Every line in the records below between the one holding "Lafayette, LA 70503" and the one holding "Lot 2138 - A", inclusive, is to be set down exactly; all other lines are to be left out.

Dataset records Start Marker

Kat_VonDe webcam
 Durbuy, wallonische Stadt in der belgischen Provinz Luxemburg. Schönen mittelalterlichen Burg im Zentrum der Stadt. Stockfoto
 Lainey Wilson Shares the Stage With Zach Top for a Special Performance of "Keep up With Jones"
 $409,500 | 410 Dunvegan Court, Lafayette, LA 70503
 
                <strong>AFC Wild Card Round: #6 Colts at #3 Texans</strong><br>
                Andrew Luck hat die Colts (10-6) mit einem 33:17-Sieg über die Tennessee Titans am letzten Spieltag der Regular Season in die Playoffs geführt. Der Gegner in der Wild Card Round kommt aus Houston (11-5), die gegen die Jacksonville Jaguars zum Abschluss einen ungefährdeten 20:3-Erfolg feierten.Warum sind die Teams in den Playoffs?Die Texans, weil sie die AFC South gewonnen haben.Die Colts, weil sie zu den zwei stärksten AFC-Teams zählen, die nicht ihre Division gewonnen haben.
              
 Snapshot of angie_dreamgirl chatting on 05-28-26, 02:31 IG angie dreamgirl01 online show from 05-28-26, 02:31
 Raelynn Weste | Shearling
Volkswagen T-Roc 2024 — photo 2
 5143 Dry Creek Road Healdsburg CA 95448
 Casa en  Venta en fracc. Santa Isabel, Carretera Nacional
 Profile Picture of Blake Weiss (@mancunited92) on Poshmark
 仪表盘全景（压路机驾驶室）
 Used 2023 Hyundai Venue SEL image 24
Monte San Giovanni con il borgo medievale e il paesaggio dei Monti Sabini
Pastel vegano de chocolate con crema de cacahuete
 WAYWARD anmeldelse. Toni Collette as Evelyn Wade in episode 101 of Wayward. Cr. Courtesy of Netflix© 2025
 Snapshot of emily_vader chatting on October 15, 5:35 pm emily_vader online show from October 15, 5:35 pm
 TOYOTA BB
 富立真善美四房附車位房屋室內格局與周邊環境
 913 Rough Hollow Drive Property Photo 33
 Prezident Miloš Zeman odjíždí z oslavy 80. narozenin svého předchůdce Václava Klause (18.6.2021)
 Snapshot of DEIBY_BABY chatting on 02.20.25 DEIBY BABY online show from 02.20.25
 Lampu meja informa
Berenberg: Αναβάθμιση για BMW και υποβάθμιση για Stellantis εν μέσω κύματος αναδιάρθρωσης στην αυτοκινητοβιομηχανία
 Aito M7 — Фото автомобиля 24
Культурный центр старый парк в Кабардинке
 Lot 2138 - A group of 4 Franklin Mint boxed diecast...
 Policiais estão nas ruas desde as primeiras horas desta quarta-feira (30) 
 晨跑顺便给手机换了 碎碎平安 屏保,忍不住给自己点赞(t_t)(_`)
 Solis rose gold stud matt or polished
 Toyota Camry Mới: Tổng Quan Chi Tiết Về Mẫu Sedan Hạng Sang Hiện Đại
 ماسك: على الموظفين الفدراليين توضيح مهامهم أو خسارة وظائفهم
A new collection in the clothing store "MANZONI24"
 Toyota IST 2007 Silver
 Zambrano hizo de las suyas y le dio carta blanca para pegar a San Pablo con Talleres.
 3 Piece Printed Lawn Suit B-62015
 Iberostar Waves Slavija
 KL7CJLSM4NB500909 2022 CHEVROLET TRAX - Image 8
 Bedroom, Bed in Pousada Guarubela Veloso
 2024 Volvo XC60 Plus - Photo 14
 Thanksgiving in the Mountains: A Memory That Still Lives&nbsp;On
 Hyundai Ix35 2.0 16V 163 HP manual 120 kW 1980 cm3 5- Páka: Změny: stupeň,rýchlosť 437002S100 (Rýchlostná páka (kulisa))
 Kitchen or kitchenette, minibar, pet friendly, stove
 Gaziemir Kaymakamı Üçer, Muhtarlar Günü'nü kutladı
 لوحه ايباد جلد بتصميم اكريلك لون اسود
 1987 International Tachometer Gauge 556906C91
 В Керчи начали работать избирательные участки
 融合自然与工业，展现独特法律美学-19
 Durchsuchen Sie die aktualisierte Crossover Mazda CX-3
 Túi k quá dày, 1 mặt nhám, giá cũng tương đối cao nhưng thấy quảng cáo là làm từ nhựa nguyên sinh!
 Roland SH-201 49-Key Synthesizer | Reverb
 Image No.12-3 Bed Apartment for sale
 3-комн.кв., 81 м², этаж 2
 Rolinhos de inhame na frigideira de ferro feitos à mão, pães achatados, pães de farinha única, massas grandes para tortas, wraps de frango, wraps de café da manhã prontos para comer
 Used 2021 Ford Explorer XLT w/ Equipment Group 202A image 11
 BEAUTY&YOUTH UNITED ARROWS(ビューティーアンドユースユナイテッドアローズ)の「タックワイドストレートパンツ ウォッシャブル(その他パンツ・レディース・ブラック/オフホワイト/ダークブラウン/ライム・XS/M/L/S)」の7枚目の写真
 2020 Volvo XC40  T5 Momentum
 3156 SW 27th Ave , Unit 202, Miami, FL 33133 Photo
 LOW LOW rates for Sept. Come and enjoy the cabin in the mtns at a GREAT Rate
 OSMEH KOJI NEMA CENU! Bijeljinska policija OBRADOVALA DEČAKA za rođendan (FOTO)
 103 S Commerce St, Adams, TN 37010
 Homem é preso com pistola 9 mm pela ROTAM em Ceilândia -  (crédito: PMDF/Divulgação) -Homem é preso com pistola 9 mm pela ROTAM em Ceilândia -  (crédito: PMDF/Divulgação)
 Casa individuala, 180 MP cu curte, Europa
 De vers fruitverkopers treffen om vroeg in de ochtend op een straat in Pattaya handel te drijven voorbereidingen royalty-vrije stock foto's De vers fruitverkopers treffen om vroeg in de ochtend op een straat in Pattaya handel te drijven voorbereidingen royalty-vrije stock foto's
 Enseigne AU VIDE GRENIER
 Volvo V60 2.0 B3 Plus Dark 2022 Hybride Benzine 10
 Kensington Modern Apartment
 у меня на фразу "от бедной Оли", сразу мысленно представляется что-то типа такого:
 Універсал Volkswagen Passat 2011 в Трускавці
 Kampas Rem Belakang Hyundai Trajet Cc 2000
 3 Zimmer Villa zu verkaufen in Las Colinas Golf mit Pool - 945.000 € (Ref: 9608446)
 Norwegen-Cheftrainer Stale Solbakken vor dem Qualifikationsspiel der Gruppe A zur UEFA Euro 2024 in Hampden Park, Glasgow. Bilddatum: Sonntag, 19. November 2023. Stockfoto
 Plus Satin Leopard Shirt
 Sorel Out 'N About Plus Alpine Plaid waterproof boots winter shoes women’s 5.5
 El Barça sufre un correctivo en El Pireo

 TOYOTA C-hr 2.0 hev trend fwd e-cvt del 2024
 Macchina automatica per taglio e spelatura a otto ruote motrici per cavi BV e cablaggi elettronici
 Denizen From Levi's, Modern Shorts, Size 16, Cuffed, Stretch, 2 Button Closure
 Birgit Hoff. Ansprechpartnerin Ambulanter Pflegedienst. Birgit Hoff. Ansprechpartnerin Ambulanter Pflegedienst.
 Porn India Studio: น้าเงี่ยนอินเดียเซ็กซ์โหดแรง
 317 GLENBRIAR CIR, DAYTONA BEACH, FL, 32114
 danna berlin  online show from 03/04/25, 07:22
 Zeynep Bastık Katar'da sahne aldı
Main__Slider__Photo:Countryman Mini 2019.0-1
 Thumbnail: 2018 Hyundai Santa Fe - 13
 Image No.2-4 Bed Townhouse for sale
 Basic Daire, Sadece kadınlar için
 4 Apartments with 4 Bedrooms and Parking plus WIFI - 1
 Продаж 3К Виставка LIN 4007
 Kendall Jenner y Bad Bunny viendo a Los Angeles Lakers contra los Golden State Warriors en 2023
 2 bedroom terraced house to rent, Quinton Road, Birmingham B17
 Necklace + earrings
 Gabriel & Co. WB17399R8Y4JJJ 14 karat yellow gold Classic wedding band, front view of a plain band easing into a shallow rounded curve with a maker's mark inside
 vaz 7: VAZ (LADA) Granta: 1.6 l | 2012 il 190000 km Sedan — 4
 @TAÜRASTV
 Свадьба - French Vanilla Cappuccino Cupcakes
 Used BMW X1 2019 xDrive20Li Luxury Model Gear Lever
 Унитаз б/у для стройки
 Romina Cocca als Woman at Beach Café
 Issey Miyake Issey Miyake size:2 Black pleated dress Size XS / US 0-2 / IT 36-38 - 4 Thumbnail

Dataset records End Marker

* Written response:
 $409,500 | 410 Dunvegan Court, Lafayette, LA 70503
 
                <strong>AFC Wild Card Round: #6 Colts at #3 Texans</strong><br>
                Andrew Luck hat die Colts (10-6) mit einem 33:17-Sieg über die Tennessee Titans am letzten Spieltag der Regular Season in die Playoffs geführt. Der Gegner in der Wild Card Round kommt aus Houston (11-5), die gegen die Jacksonville Jaguars zum Abschluss einen ungefährdeten 20:3-Erfolg feierten.Warum sind die Teams in den Playoffs?Die Texans, weil sie die AFC South gewonnen haben.Die Colts, weil sie zu den zwei stärksten AFC-Teams zählen, die nicht ihre Division gewonnen haben.
              
 Snapshot of angie_dreamgirl chatting on 05-28-26, 02:31 IG angie dreamgirl01 online show from 05-28-26, 02:31
 Raelynn Weste | Shearling
Volkswagen T-Roc 2024 — photo 2
 5143 Dry Creek Road Healdsburg CA 95448
 Casa en  Venta en fracc. Santa Isabel, Carretera Nacional
 Profile Picture of Blake Weiss (@mancunited92) on Poshmark
 仪表盘全景（压路机驾驶室）
 Used 2023 Hyundai Venue SEL image 24
Monte San Giovanni con il borgo medievale e il paesaggio dei Monti Sabini
Pastel vegano de chocolate con crema de cacahuete
 WAYWARD anmeldelse. Toni Collette as Evelyn Wade in episode 101 of Wayward. Cr. Courtesy of Netflix© 2025
 Snapshot of emily_vader chatting on October 15, 5:35 pm emily_vader online show from October 15, 5:35 pm
 TOYOTA BB
 富立真善美四房附車位房屋室內格局與周邊環境
 913 Rough Hollow Drive Property Photo 33
 Prezident Miloš Zeman odjíždí z oslavy 80. narozenin svého předchůdce Václava Klause (18.6.2021)
 Snapshot of DEIBY_BABY chatting on 02.20.25 DEIBY BABY online show from 02.20.25
 Lampu meja informa
Berenberg: Αναβάθμιση για BMW και υποβάθμιση για Stellantis εν μέσω κύματος αναδιάρθρωσης στην αυτοκινητοβιομηχανία
 Aito M7 — Фото автомобиля 24
Культурный центр старый парк в Кабардинке
 Lot 2138 - A group of 4 Franklin Mint boxed diecast...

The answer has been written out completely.